This project restored 2,800 feet of shoreline creating two acres of spawning and nursery habitat for more than a dozen fish species, reduces shoreline erosion, improves water quality and provides protection for more than 30 acres of freshwater wetland and threatened Native American archeological sites nearby. It is one of 50 high priority projects funded by the National Oceanic and Atmospheric Administration (NOAA) through the American Recovery and Reinvestment Act (ARRA) to restore coastal habitat along the nation’s coasts and help jumpstart the nation’s economy. Under ARRA, NOAA was provided $167 million for marine and coastal habitat restoration. NOAA selected their projects from a pool of 814 proposals, totaling more than $3 billion in requests. Under the Recovery Act, NOAA was provided $167 million for marine and coastal habitat restoration.

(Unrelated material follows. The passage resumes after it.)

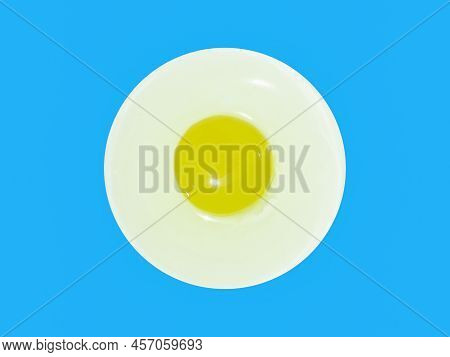 Egg White And Yolk On White Plate (unfried), Isolated Blue Background With Copy Space.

Twelve companies and one non-profit organization were involved in the Piscataway Park project over a fifteen month period. They ranged from the project designers and construction firm and their sub-contractors, to truckers that hauled over 1,400 loads of sand and rock to the site. All but two of the companies involved are based in the State of Maryland.

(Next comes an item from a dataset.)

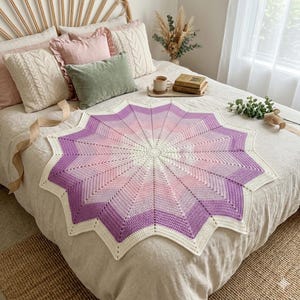 Könnte beinhalten: Eine sternförmige Häkeldecke mit einem Farbverlaufsmuster, das von einer cremefarbenen Mitte zu Nuancen von Hellrosa, Mauve und Dunkelviolett übergeht, abgeschlossen mit einem cremefarbenen Rand entlang der spitzen Kanten des Designs.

Thousands of school children visit AFF’s Hard Bargain Farm Environmental Center each year. Virtually all of these students visit Piscataway Park along the shoreline and across the wetlands. The restoration project enhances AFF’s educational use of the shoreline and saved AFF’s access to Piscataway Bay for the canoe program, as the erosion had caused the existing road to slump down the bank and into the river.
The project is just ten miles downriver from Washington, D.C. and, as such, is the shoreline restoration project closest to the nation’s capital. It is the largest freshwater, tidal, high energy site living shoreline project in the region. Most have been completed in saltwater or brackish water areas; the freshwater projects are usually much smaller in scope and are constructed along small streams.
Today the Living Shoreline gives hope for the continued protection of the shore, wetlands, and surrounding historic lands.
Erosion is caused by wind, water, and wave action and often results in loss of residential and commercial property, reduction of storm buffering capacity, habitat loss, and water quality degradation. To combat these effects, property owners oftentimes erect bulkheads or seawalls. While these methods are certainly effective, they regularly lead to additional loss of natural habitat. Living shorelines present an ecological and economic alternative.
Living Shoreline Restoration at Piscataway Park
(Mockley Point to Accokeek Creek)
- Approximately 2,800 feet in length
- Recreated former fringe marsh areas and protective sand berm
- Elevations range from 0 to + 6 feet
- Further protected bay area at southern end
Rock and sand were placed to create segmented breakwaters and sills that dampen wave energy and the sand and plants recreate the sand berm which protects the tidal marshes. The designated shoreline extends from Mockley Point at Piscataway Creek to the north, down the Potomac River to the entrance of Accokeek Creek. Continued erosion of this shoreline threatened irreplaceable archeological resources and threatened the natural resources of the area, which is well-known for its pristine habitat and outstanding commercial and recreational fishery.
The Piscataway Park Living Shoreline Restoration project site has unique requirements regarding the shoreline restoration and stabilization techniques. While there are numerous methods that could harden the shoreline and limit erosion and land loss, many of those are neither “bay friendly” in terms of providing habitat, nor visually appealing (a significant requirement of this site since it is in the viewshed of Mount Vernon, George Washington’s home). Additionally, protecting the cultural resources at the site also dramatically limited the amount of shoreline excavation that would be permitted, but aquatic resources (specifically submerged aquatic vegetation) in the near-shore area posed resource conflicts and design challenges as well.